Gideon nods and heads out toward the victim’s room, hiding a little smile. She’s good, he mentally says to himself.

Janet Crane’s room is untouched. The bed is made, the closet empty, a coat is hanging behind the door and a few parking tickets are sitting on the bedside table.  
“These are parking tickets from four days ago,” Gideon comments reading the faded piece of paper, “…but there’s no car outside.”  
“She might have left the tickets here,” Emily offers back.  
“She forgot also her coat…” Gideon carries on.  
“This window faces Theodore Camden’s house,” she continues, moving a blind and pointing the old building “he could have spied on her from his room, and she could have seen him…” then she freezes spotting an unmistakable movement behind a curtain at the first floor of the house; it’s just a second, but she’s sure someone’s in that house.  
The three of them rush toward the building; once inside Prentiss can’t help noticing the creepy atmosphere. The house, dark and dusty, smells like if nobody has let any fresh air in for a long time. There are no pictures on the walls, neither personal items around; just an eerie stillness permeating through every corner. This house looks like a mausoleum.  
Morgan takes the ground floor, Prentiss and Gideon head upstairs.  
They search the entire house and once they’ve cleared all the rooms, Emily internally curses her faulty perception. Only then a creak stops their steps toward the stairs.  
Prentiss and Gideon silently look at each other and draw their guns, slowly approaching the master bedroom from which the noise came.  
It’s there, crouched in a corner of the wardrobe, that they find an old woman, Babette Camden. She’s terrified and so thin that a gust of wind could probably dissolve her into ashes. She’s muttering to herself nonsensical words and looking around, disoriented.  
When Gideon approaches her, she startles scared, and looks at him with desperate eyes full of tears; but when Prentiss gets closer to help her out of the corner, a metamorphosis occurs in her demeanor. Her gaze becomes nasty and an uncanny strength gets into her, she starts cursing against the woman, calling her a harlot, a dirty whore, it’s because of her that her Theodore disappeared, she’s the seed of Satan.
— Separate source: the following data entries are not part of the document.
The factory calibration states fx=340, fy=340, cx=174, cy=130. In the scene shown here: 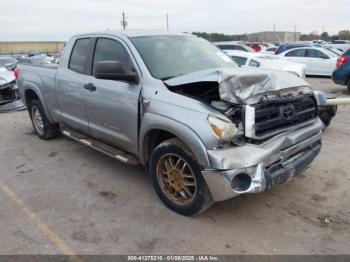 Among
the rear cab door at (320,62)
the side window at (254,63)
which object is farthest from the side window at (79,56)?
the rear cab door at (320,62)

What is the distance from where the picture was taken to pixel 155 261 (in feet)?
9.56

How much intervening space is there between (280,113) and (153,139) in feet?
4.56

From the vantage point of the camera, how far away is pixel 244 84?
3.21 metres

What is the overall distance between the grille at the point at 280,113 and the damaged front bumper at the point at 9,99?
824 cm

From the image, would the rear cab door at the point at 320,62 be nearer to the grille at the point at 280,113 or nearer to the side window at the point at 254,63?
the side window at the point at 254,63

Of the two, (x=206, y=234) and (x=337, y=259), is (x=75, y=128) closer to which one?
(x=206, y=234)

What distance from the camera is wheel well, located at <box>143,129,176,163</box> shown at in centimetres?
371

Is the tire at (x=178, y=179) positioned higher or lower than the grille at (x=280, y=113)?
lower

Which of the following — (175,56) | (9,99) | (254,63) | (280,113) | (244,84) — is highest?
(175,56)

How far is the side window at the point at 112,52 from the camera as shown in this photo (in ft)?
13.3

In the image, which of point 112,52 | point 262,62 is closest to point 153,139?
point 112,52

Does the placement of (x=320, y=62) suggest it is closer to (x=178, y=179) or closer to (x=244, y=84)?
(x=244, y=84)

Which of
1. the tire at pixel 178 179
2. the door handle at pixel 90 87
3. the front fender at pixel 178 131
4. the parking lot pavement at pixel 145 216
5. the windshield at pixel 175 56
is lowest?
the parking lot pavement at pixel 145 216

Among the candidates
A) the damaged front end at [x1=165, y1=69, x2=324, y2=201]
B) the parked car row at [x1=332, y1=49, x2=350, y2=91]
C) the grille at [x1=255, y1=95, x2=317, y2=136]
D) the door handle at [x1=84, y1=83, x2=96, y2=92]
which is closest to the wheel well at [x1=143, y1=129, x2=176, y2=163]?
the damaged front end at [x1=165, y1=69, x2=324, y2=201] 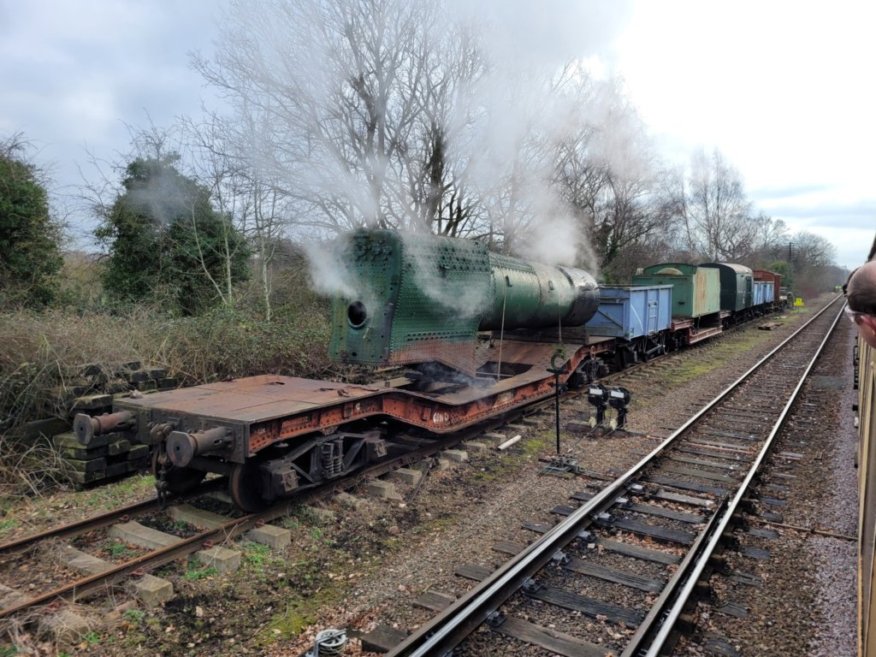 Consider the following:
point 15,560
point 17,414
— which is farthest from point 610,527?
point 17,414

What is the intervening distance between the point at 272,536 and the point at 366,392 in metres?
1.59

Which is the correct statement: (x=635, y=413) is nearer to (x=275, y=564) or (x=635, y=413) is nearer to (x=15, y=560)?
(x=275, y=564)

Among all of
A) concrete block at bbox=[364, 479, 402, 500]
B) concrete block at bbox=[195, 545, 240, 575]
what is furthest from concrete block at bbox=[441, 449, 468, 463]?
concrete block at bbox=[195, 545, 240, 575]

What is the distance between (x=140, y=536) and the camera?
4.61 meters

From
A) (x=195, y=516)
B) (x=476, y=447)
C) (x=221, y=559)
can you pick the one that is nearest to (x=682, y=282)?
(x=476, y=447)

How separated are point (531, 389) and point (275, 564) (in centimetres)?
510

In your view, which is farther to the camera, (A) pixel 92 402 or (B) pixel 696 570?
(A) pixel 92 402

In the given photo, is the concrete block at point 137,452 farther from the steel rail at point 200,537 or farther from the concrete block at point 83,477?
the steel rail at point 200,537

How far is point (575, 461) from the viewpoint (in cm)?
657

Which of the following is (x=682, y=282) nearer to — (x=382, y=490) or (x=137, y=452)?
(x=382, y=490)

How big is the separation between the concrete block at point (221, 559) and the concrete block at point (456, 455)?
2909 millimetres

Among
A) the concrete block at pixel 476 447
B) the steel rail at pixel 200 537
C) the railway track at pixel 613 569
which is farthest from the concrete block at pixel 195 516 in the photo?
the concrete block at pixel 476 447

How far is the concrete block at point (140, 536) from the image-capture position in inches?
177

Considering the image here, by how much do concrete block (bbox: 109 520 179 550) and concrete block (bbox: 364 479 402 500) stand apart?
1794 millimetres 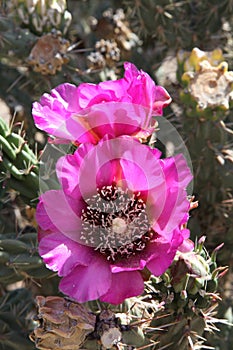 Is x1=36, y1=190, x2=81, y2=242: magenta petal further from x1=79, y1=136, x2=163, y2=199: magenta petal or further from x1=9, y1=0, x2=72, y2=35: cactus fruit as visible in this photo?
x1=9, y1=0, x2=72, y2=35: cactus fruit

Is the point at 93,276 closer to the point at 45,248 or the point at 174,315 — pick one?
the point at 45,248

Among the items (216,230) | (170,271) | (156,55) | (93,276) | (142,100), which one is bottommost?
(216,230)

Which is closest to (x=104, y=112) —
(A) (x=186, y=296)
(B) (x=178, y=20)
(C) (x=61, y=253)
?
(C) (x=61, y=253)

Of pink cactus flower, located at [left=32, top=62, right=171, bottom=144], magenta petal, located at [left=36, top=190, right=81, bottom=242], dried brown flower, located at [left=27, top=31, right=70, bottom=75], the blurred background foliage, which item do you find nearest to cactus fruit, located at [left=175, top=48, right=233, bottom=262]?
the blurred background foliage

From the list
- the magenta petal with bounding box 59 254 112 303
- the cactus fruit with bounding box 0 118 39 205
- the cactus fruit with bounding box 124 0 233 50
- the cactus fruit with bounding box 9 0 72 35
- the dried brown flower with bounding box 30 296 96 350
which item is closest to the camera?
the magenta petal with bounding box 59 254 112 303

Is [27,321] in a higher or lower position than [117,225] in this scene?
lower

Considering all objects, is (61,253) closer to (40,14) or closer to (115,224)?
(115,224)

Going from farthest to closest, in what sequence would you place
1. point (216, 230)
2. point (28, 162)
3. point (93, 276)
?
point (216, 230) → point (28, 162) → point (93, 276)

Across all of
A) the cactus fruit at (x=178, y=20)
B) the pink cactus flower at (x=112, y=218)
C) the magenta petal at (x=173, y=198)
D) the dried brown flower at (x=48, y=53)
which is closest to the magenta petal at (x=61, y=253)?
the pink cactus flower at (x=112, y=218)

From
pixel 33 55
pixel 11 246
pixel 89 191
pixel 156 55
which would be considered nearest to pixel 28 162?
pixel 11 246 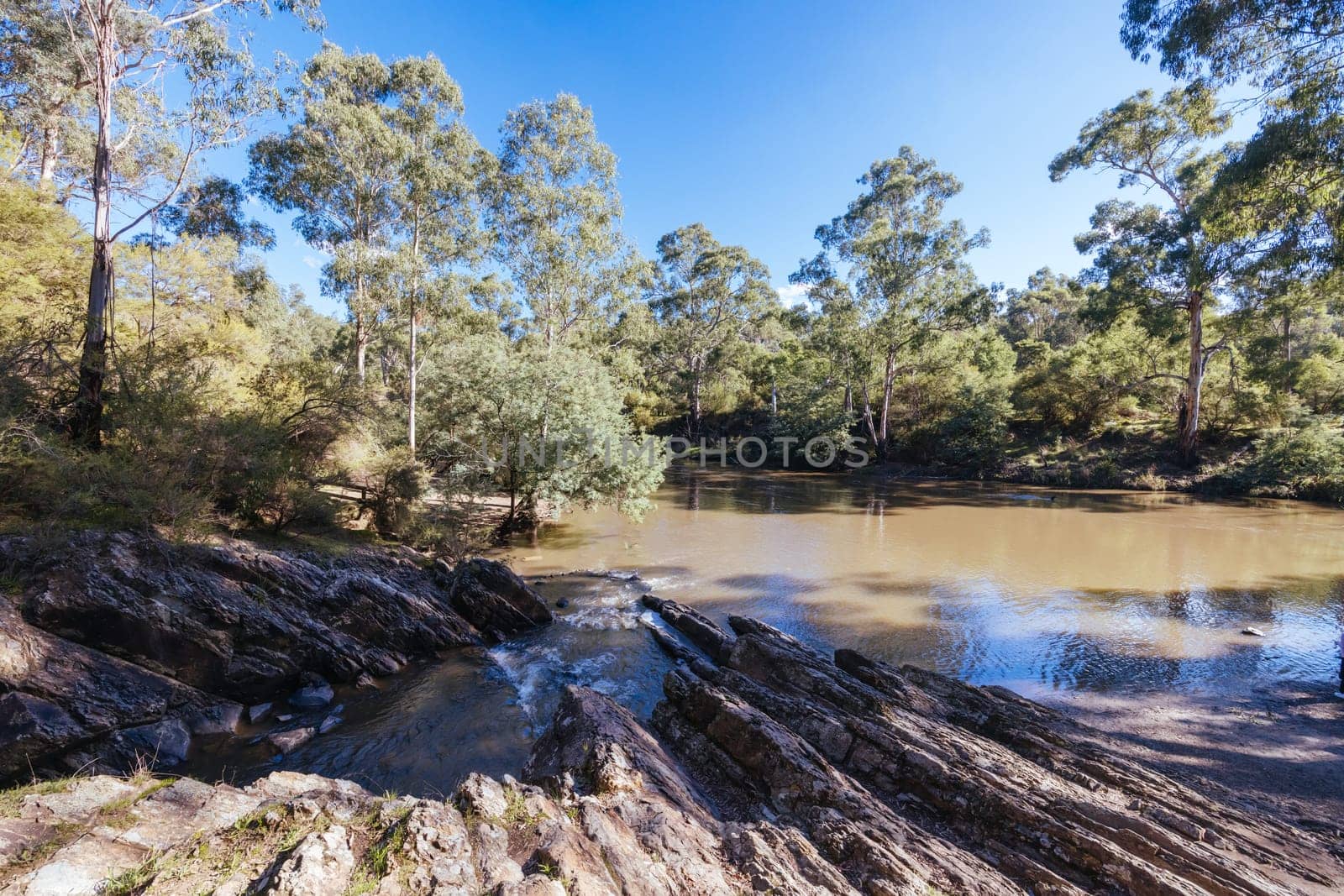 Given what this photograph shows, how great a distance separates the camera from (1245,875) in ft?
11.1

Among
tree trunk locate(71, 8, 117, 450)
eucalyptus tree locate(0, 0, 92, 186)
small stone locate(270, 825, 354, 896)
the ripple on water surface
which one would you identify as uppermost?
eucalyptus tree locate(0, 0, 92, 186)

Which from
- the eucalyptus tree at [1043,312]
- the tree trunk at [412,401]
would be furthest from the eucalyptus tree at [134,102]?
the eucalyptus tree at [1043,312]

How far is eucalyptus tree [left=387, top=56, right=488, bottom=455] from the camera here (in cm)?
1545

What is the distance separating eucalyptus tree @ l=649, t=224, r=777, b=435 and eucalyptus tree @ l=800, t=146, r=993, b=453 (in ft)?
33.7

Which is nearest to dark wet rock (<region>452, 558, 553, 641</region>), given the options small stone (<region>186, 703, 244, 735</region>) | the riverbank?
small stone (<region>186, 703, 244, 735</region>)

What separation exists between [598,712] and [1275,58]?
59.7 ft

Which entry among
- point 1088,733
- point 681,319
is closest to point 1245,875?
point 1088,733

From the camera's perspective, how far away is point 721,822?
12.2ft

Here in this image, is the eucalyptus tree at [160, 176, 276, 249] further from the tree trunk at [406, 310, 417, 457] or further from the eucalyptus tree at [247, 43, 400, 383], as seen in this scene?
the tree trunk at [406, 310, 417, 457]

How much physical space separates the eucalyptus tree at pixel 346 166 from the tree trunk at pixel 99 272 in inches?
247

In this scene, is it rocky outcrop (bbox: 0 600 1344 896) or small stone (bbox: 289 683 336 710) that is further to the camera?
small stone (bbox: 289 683 336 710)

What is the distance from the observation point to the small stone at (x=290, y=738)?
5449 mm

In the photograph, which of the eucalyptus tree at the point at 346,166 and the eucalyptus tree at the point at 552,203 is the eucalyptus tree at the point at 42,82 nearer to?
the eucalyptus tree at the point at 346,166

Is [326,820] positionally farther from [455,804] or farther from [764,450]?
[764,450]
Eventually Gideon manages to take a raving Babette out of the room and gestures Emily to stay back.  
A couple of minutes and the storm is over, the old lady is meekly complying with Gideon’s directions and getting into the car.  
“I’m taking her to the station to question her. You two stay here and search the house,” Gideon orders to Morgan and Prentiss, who nods mortified and still abashed.

“What the hell just happened?” Morgan asks once they’re alone.  
“I don’t know. One moment she was this lost, dovelike, little lady and then, when she saw me, she turned into a fury” she admits clueless.  
He chuckles lightly and is about to produce a joke, but sobers up, “Are you okay?” he inquires, not used to see her shaken.  
“I’m fine.” she hastily responds, “let’s get back to work.”  
Morgan stares at her unconvinced for a few seconds, then heads to search the ground floor and leaves her silently thanking the solitude of Theodore’s bedroom, where nobody can discern the shock on her face. That look of pure hatred in Babette’s eyes was specifically directed to her; whether this is the consequence of a merciless aging or a trademark of her personality Emily doesn’t know, but it’s easy to imagine how the latter might have affected Theodore’s mind.  
It’s with this gruesome considerations floating around her mind, that she opens a wooden box and make an even more gruesome discovery.  
When Morgan hears her voice calling him from the bedroom, he immediately senses something’s off and reaches her in no time. He finds her standing in front of a box, her expression tense and aggravated and her voice dry while she asks on the phone for a CSU and a forensic anthropologist. Only then he spots the content of the case, approximately ten human skulls accurately stored.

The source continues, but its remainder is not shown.